Bu haberi bikaç gazete ve televizyon (Pazar günü Ustura Programı’nda, ARTI TV’de ben de anlattım) verince sanırım jandarma albaya bir işaret verilmiş ve ikinci açıklamayı yapmak zorunda kalmış. Albay Ersever ikinci açıklamasında "Bakanlığımızın talimatları doğrultusunda yapmış olduğum şehit yakınları ve gazilerimizin ziyaretlerinden biri olan Kıbrıs gazimizin iş yeri çıkışında hemen aynı bina içinde bulunan ve daha önce şehitlik ziyareti ve milli bayramlarda çok defa karşılaştığım vatandaşlarımızın ısrarlı daveti karşısında anlık olarak gelişen bu dernek ziyaretinin tamamen insani gerekçeyle icabet edilen bir ziyaret olduğunu kamuoyumuzun bilgilerine sunarım." diyor.

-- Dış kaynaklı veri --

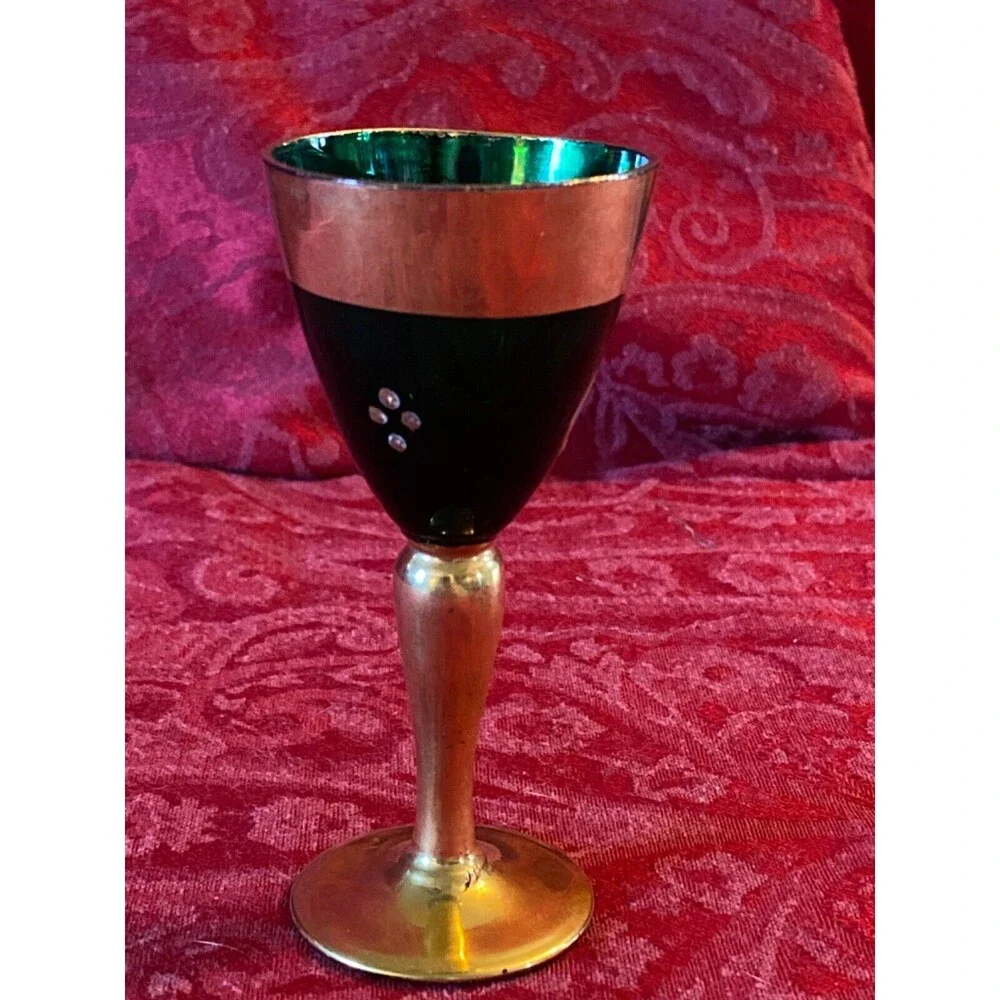 Vintage Antique Murano Green Hand Painted Wine Glass 24kt gold - Replacement - K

O zaman ilk açıklamadaki iade-i ziyaret yalan ve bu yalan nereye kadar yalan. Yani Ülkü Ocakları ziyarete gitmiş ama albayın iadesi tesadüfi mi, yoksa Ülkü Ocakları gitmemiş de albay mı gitmiş.
Jandarma içişleri bakanlığına bağlı olduğuna göre, Süleyman Soylu bu konuda herhangi bir açıklamada bulundu mu, yoksa sessiz kalmayı mı yeğliyor. Bu ziyaretin, sokakta gazeteci ve siyasetçilerin dövüldüğü zamana denk gelmesi bir tesadüf müdür, yoksa bugünlerde Bolu’da bişeyler olacak da, bunun pazarlığı mı yapılıyor.
Son bir sorum daha olacak albayım, tesadüfen yolda ısrar ederler diye hep cebinizde poşet içinde bir hediye plaket mi taşırsınız? Seni gidi hazırlıklı ülkücü militan albay seni, leb demeden plaketi hazırlamışsın.